Segment Open

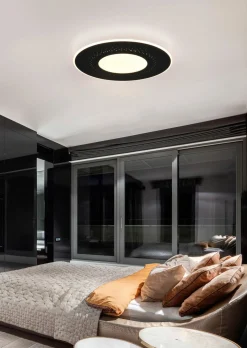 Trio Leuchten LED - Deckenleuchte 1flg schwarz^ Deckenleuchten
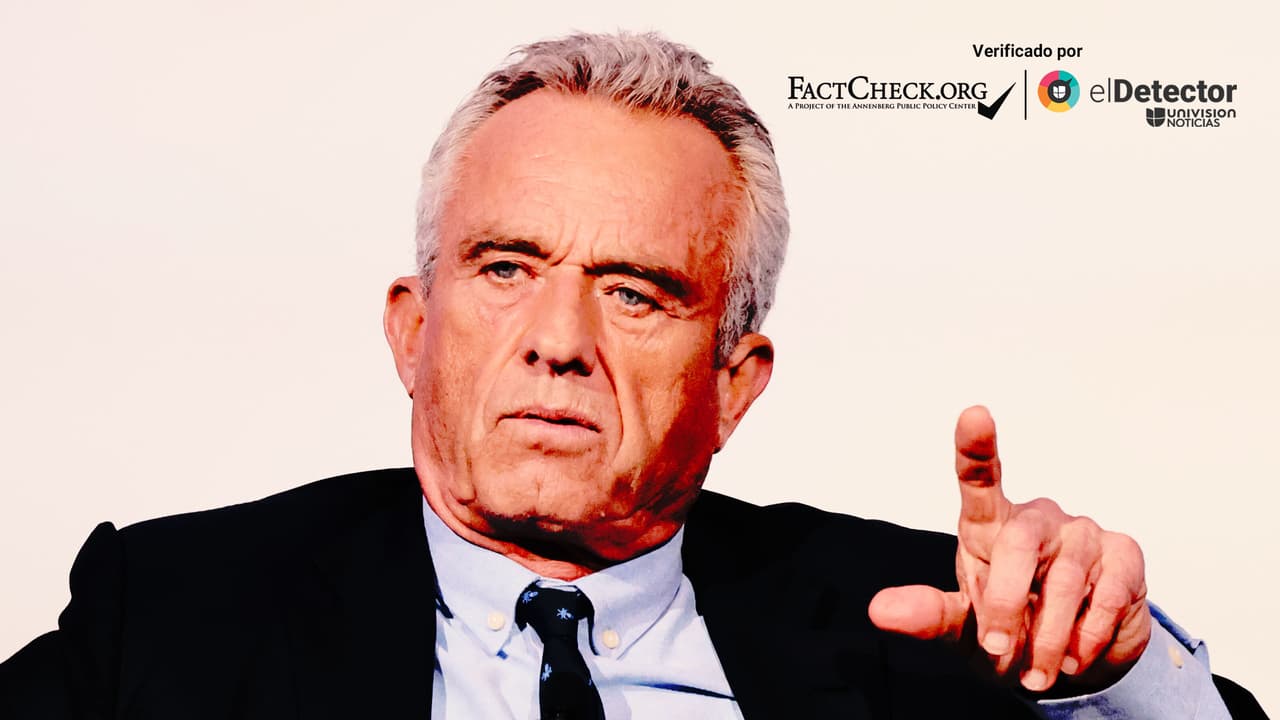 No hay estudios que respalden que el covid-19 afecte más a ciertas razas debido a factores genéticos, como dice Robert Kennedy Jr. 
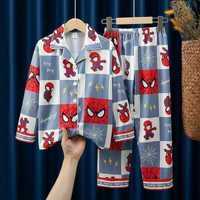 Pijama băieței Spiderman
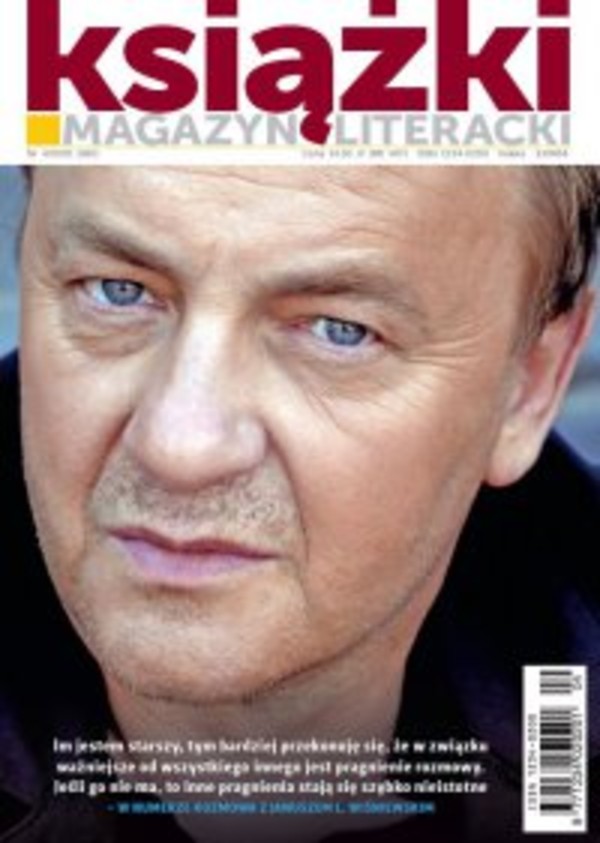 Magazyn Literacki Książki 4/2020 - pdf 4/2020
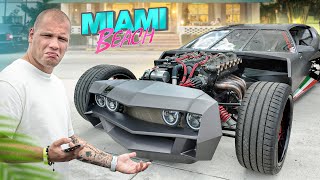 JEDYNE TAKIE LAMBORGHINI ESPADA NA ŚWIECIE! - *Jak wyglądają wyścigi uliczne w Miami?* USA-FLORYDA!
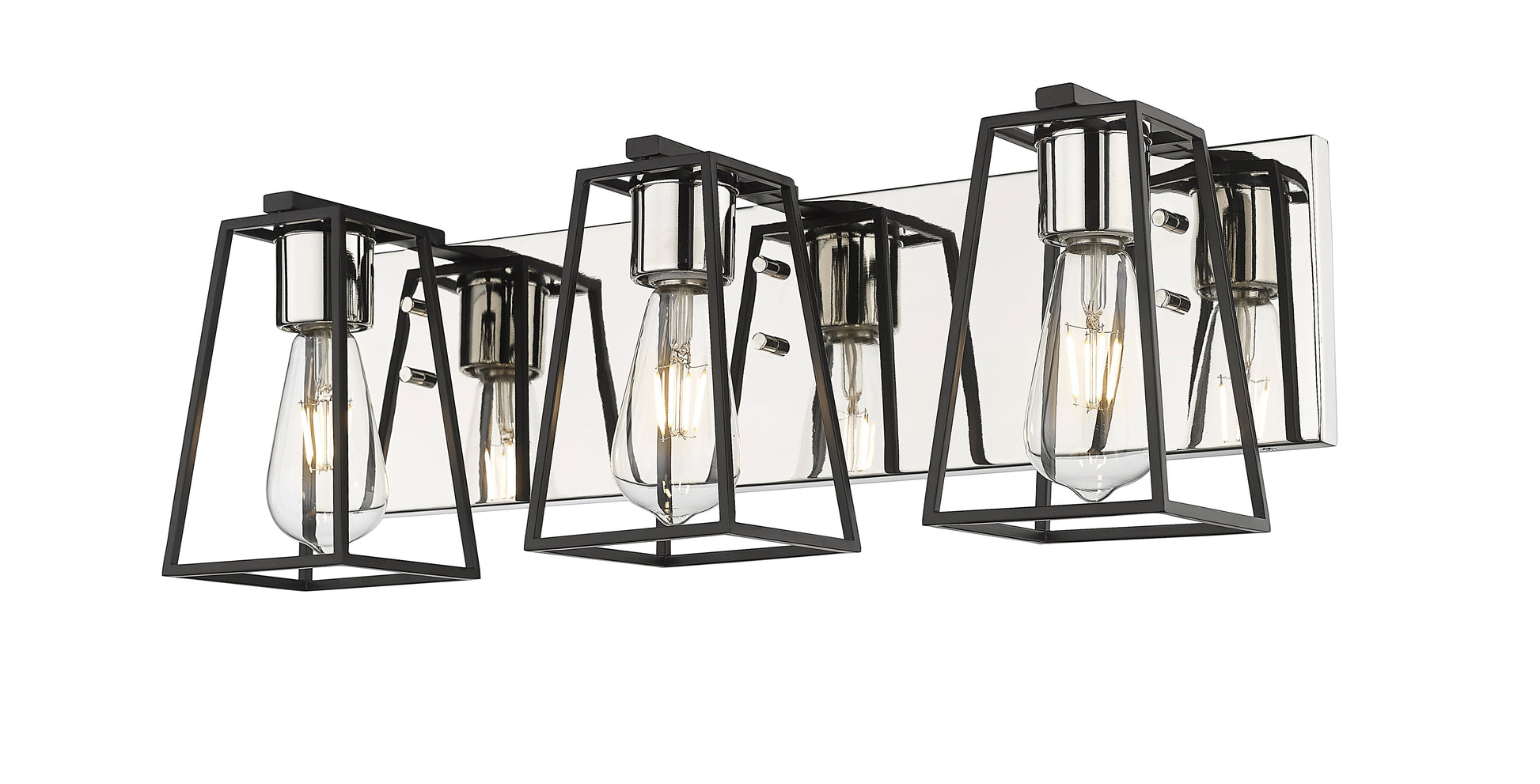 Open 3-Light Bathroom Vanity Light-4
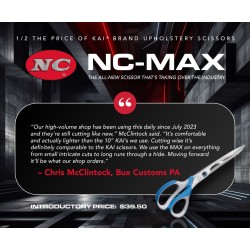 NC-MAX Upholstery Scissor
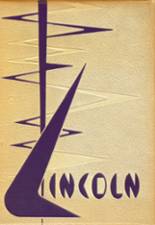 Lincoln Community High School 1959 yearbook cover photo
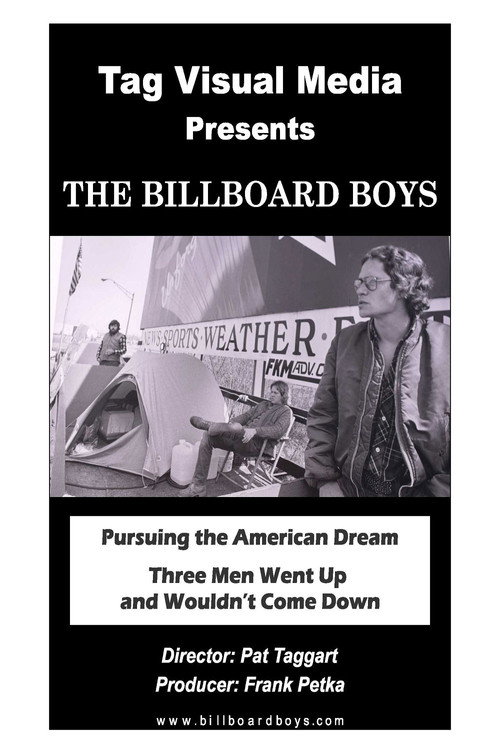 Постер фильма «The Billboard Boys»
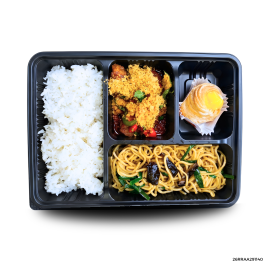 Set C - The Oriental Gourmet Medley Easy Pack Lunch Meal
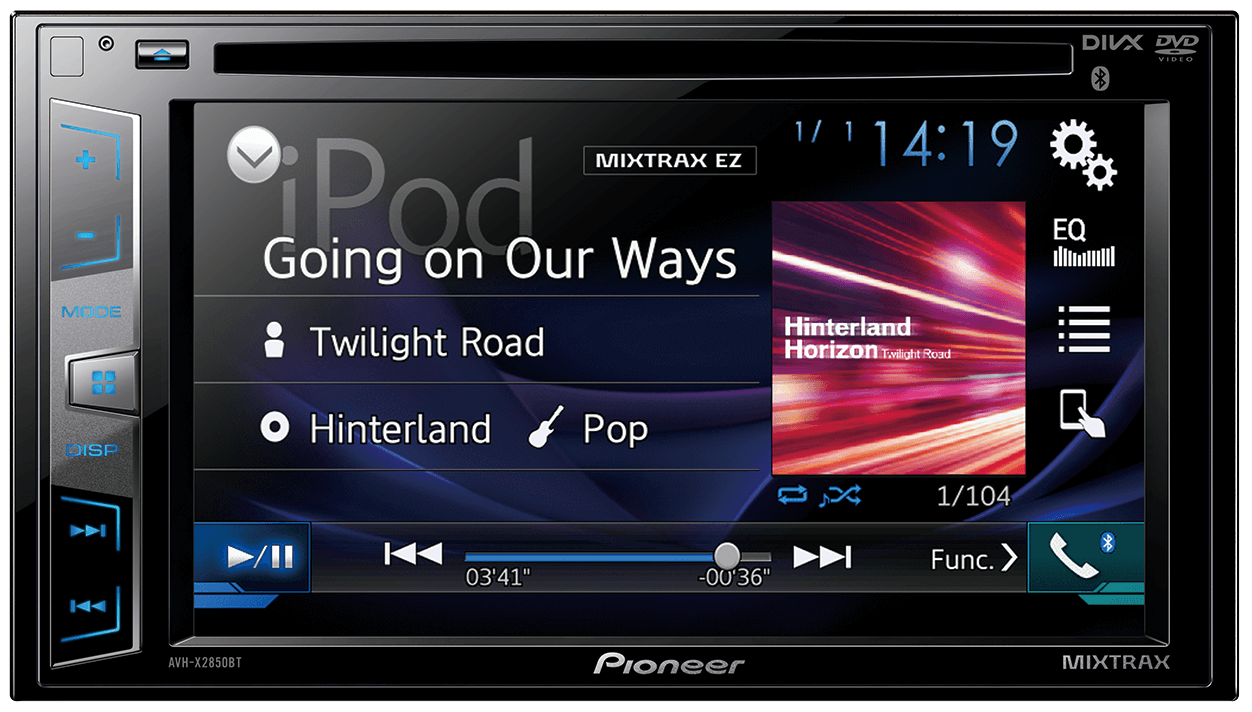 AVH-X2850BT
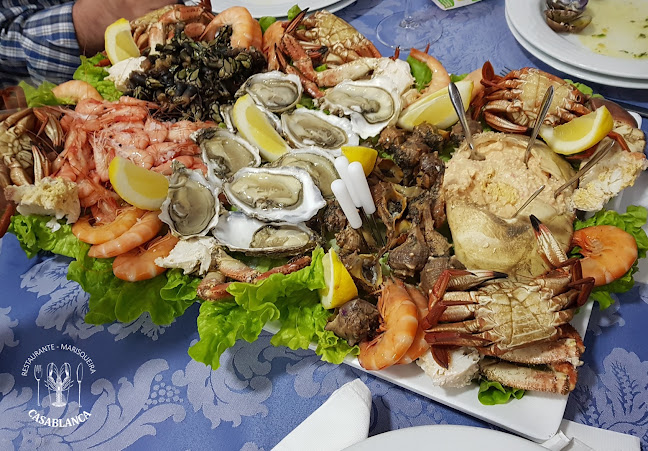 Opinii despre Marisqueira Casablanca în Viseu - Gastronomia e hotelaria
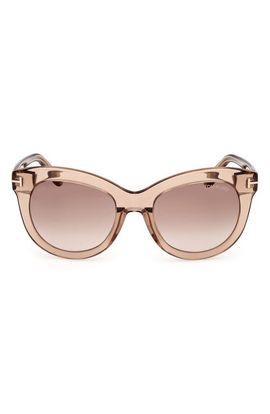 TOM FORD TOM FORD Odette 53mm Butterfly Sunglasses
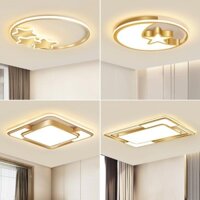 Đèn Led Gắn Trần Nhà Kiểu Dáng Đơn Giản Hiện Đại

Segment Closed

## [AIM OF THE EXERCISE]
Starting at the line that contains "AVH-X2850BT", write out every line through the end of the entries above exactly, and omit the pictures.

## [YOUR RESPONSE]
 AVH-X2850BT
 Opinii despre Marisqueira Casablanca în Viseu - Gastronomia e hotelaria
 TOM FORD TOM FORD Odette 53mm Butterfly Sunglasses
 Đèn Led Gắn Trần Nhà Kiểu Dáng Đơn Giản Hiện Đại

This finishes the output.